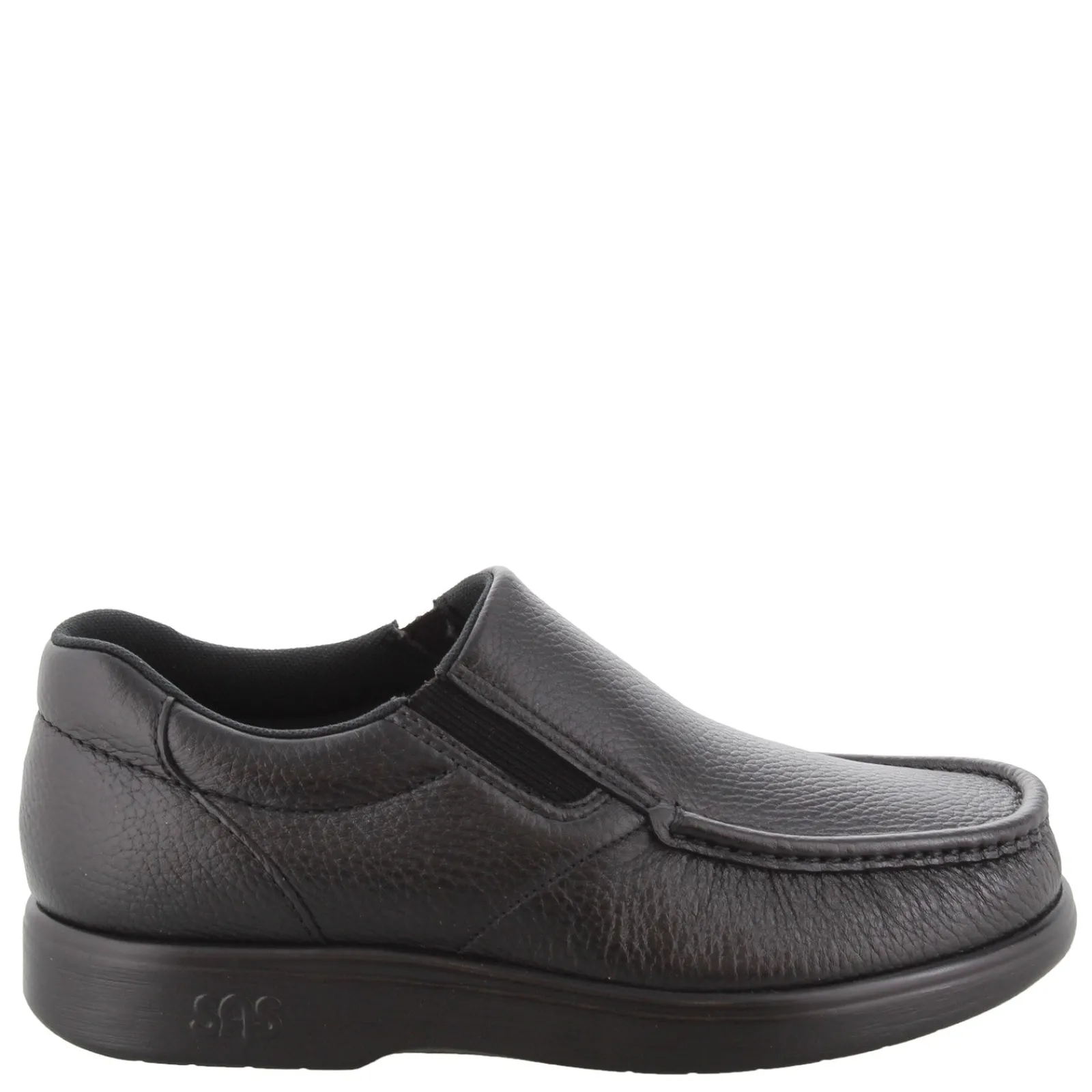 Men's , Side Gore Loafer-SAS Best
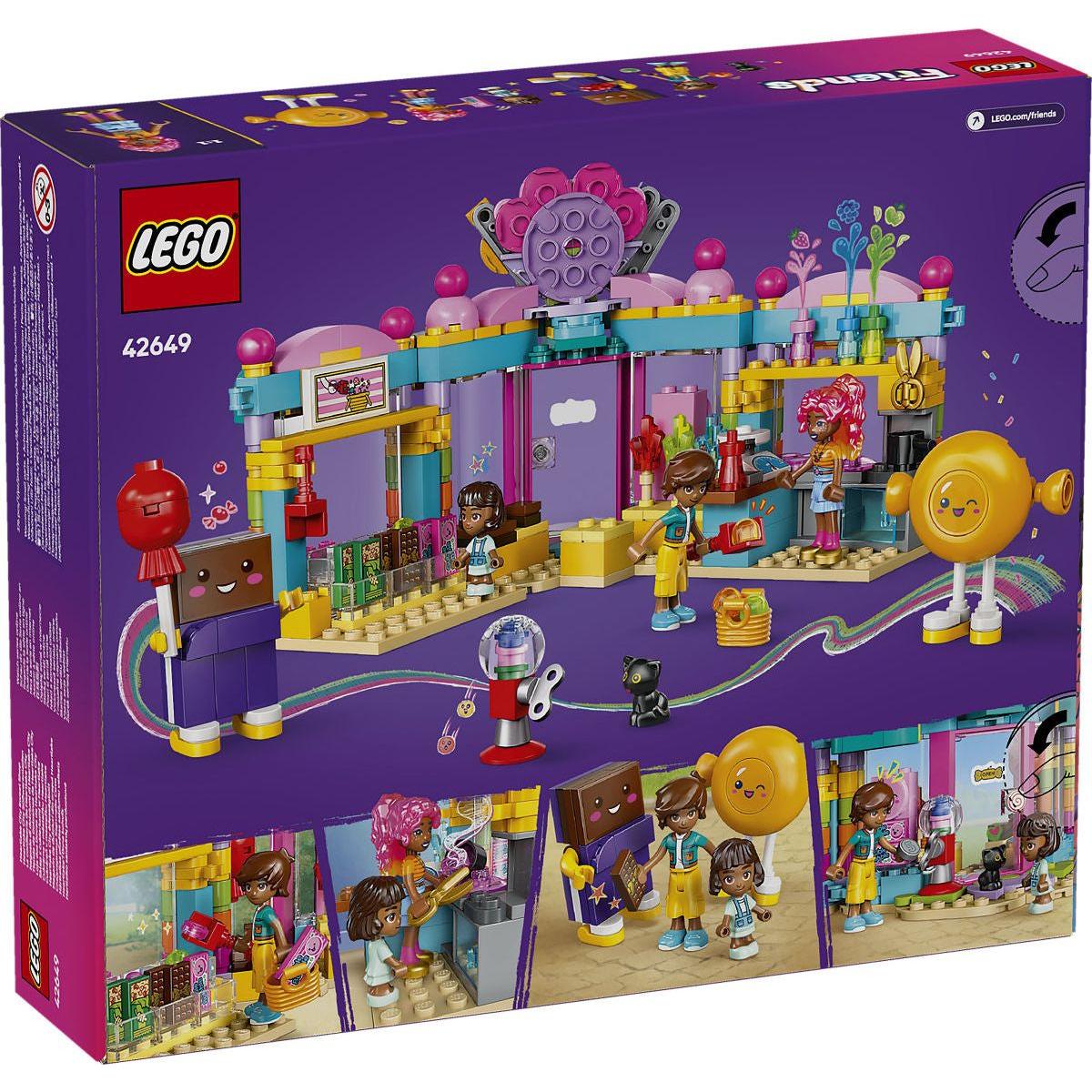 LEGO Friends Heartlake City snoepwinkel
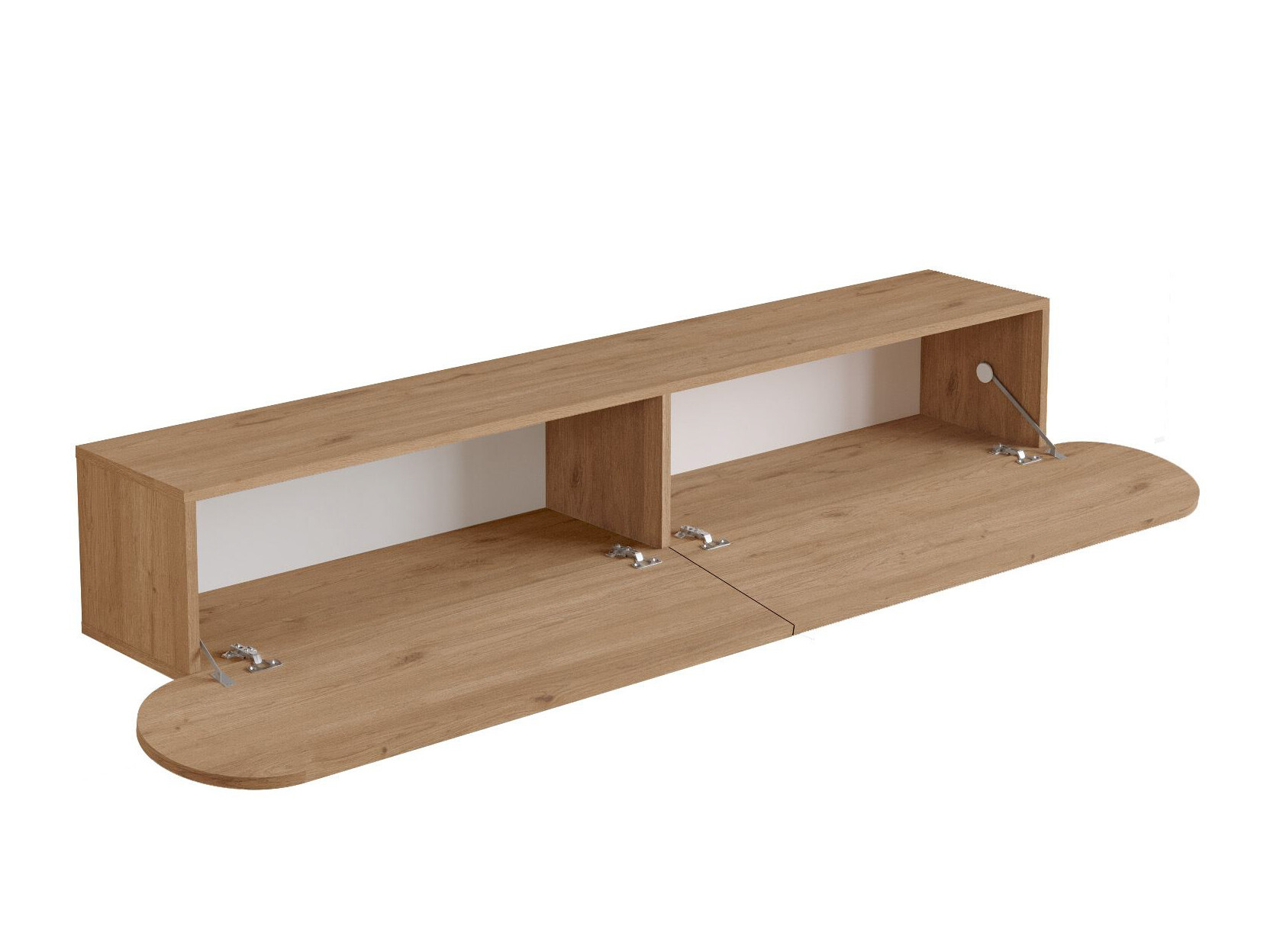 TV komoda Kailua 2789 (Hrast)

■ **INSTRUCTIONS FOR THE TASK**
Please set the data above down exactly, with the pictures removed.

■ **SOLUTION TO THE PROBLEM**
 Men's , Side Gore Loafer-SAS Best
 LEGO Friends Heartlake City snoepwinkel
 TV komoda Kailua 2789 (Hrast)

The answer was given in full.